Confession. These costumes, I barely remember. I wish I could give everyone a deep, meaningful account of the thought process that went into these costumes. But I can’t.
We were deeply deeply into Season Two costume making when it came time to get Claire and Jamie on the ship from Scotland to France at the end of Season One. We were up to our eyeballs. We knew we would need to make a new costume for Jamie, and that was manageable for us. Our men’s cutting team are amazing wizards. But we lost our women’s cutting team in the middle of Season Two prep, and were struggling to get all of our women’s costumes Done, and were using a rotation of temporary cutters. Cutters are the members of a costume team who translate the designers sketches into pattern, then cuts the fabric and supervises the costumes construction. Essential members of the department. Losing them was a terrible blow to us, and we were really scrambling to make all of our deadlines. So having to make another costume for Claire was going to be tough.
I remembered that we still had, one of the very first costumes we had ever made for Claire somewhere in the racks. I think it was the second costume we’d made for her, and for some reason we decided not to use it, and never finished it. We dug it up and found our solution. We could finish it without having to design and cut an entirely new gown.And it was actually quite perfect for a traveling costume, procured for Claire by the monks. A pretty gown, but nothing spectacular. It was completely believable that it would have belonged to someone else.

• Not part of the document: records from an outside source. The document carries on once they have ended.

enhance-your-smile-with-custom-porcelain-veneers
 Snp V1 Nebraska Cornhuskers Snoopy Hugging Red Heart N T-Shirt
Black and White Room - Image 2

One of the things I loved best about this gown was the lovely embroidered stomacher we had made. It came from a piece of embroidered fabric we picked up shopping at the Portobello Market in London. It was also one of the first examples I had seen of metal plate embroidery, which a had completely fallen in love with, and we ultimately used on Claire’s wedding dress.
We didn’t even have an embroidery team at that point in the very beginning of Season One. But Liz Boulton had let me in on her skill as a historical embroidery. I asked if she could embroider a petticoat to match the piece of antique fabric, and we ended up with a very sweet gown. It was perfect for embarking on a new life in France.
Jamie was an entirely different matter. He had to be smuggled out of France after suffering through soul shattering torture at the hands of Black Jack Randall. He had been stripped bare of everything, literally, figuratively, and emotionally, and brought back from the brink by Claire and his own strong core and will to live, that we had seen many times.
He too was given clothes by the monks. We dressed him as a middle class merchant, trying to do everything possible to make him look unremarkable, a task as difficult to accomplish wth the very real Sam Heughan as it was with the fictional Jamie. We made a costume out of linen, and topped it with a tricorn hat. Very un- Jamie.
But they both passed.
There are two other costumes of note as we travel with our heroes into France.
*** Note: I have searched high and low for a pic of Jared. I am putting in the description anyway, because he is important. I will try to find one ***
First we meet Jamie’s cousin Jared, a Scotsman living in France. A wealthy and successful wine merchant, Jared is solidly bourgeois, wearing silk as was common in France, but fairly plain and simple. We kept him in earth tones, as a nod to Scotland.
Jared was so important to us. He is the justification we desperately needed when it came to the costumes. Jamie and Claire needed to move in the very wealthy circles of the French Court. It would have been impossible without the appropriate wardrobe. Jared offers to bankroll them, making it possible for them to move into the inner circle, dressed in the most fashionable attire.
Our next character is very important on the journey. The Comte St. Germaine. He is the first representative of the French Aristocracy that we see. He is elegant and dangerous. I also wanted to dress him in colors we would have never used in Scotland. I put him in brown and pink after seeing a beautiful 18th century painting of a man wearing those colors. Rich, decadent and very sensual.
He was our first look at what was to come when Jamie and Claire finally arrived in Paris.
This was one of our first embroidered men’s costumes.